Laboratorio 2
Libro: La superficie bianca. Il prodotto editoriale tra storie e progetti. L’allestimento in Italia dagli anni venti agli ottanta
Revisioni: 5 novembre, 12 dicembre, 7 gennaio
Lezione 1
Trahit sua quemque voluptas: ognuno deve trovare la propria strada, la propria direzione (Virgilio)
Obiettivo: cercare il bello (Adriano)
C'è sempre una base di casualità nella progettazione.

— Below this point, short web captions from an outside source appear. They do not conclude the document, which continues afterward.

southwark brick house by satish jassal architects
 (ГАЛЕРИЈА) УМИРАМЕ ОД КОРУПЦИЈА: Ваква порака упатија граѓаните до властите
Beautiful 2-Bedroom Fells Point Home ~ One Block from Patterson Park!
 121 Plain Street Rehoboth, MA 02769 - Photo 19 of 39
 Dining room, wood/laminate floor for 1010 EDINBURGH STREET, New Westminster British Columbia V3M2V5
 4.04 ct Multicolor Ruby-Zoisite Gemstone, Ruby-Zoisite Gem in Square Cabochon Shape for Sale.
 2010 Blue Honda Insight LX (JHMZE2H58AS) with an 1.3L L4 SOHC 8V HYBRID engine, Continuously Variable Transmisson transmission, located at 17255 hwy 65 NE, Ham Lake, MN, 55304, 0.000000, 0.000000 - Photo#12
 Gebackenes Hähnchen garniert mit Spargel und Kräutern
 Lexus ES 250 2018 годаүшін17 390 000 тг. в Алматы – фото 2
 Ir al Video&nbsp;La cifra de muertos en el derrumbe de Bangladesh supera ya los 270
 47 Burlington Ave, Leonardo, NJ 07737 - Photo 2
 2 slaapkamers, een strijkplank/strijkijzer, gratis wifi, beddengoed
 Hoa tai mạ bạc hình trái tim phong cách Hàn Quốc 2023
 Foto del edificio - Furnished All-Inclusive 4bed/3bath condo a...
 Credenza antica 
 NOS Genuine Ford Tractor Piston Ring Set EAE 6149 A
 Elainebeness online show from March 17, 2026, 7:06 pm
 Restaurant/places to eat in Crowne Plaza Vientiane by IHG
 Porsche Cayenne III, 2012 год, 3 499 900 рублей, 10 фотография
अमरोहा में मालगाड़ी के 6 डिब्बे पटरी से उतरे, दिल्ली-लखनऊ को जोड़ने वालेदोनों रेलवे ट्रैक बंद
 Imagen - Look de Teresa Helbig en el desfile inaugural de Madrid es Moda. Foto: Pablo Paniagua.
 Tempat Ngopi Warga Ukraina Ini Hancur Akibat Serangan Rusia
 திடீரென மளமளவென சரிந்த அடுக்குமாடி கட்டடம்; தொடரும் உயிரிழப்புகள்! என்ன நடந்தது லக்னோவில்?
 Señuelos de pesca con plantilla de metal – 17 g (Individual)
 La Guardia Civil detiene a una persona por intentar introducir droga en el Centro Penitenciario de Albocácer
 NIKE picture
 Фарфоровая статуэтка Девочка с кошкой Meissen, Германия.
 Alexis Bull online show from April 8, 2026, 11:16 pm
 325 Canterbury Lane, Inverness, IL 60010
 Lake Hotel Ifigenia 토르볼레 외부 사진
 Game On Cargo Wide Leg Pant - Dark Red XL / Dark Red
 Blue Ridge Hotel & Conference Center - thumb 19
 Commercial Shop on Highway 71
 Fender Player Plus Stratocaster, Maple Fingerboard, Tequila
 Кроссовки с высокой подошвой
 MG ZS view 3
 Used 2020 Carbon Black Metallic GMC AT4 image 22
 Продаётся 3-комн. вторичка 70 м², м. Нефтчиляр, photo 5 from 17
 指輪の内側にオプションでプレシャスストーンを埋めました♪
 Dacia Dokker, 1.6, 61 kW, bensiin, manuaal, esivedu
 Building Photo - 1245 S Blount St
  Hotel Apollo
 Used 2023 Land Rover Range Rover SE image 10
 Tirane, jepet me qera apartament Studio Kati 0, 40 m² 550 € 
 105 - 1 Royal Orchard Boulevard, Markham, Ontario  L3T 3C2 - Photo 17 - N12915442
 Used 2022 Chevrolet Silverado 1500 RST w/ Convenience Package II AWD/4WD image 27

Finalità: realizzazione prodotto editoriale e la sua estensione come comunicazione legata all’allestimento. Trasposizioni: forma e visione del linguaggio (dobbiamo dare forma ad un linguaggio che appartiene ad un altro campo). La forma finale può essere: pagine, copertina, manifesto, video slow motion.
Opere d’arte tipicamente futuriste
- Libro cancellato di Isgrò: cancella un libro e lo chiama libro cancellato; decide di negare la visibilità della parola.
- Poesia di Man Ray: interpreta la poesia negandola, ovvero non si vede, tutte le parole sono cancellate, si può capire solo il ritmo, le linee cancellate hanno una loro forza.
- Tempo di Totino: sceglie una parola importantissima in ogni campo, la parola tempo, inizialmente la parola è leggibile, poi si capovolge, e sempre più avanti subisce complicazioni finché diventa illeggibile. È associabile all’esistenza delle persone, inizialmente semplice e poi sempre più complicata.
- Agnetti, libro dimenticato a memoria: il testo è materialmente tagliato col taglierino.
- Spoerri: propone un vassoio con calici e avanzi di cibo, incollato in una posizione assurda (in verticale) su una libreria. Spoerri dimostra che ci sono tanti punti di vista, che si possono vedere le cose secondo un’altra angolazione.
Altre opere e artisti
- Massin, la cantatrice chauve: riporta i passaggi dell’opera di Ionesco. Se vengono tolte le scritte, non si capisce nulla; se vengono invece tolte le immagini, l’opera viene comunque compresa.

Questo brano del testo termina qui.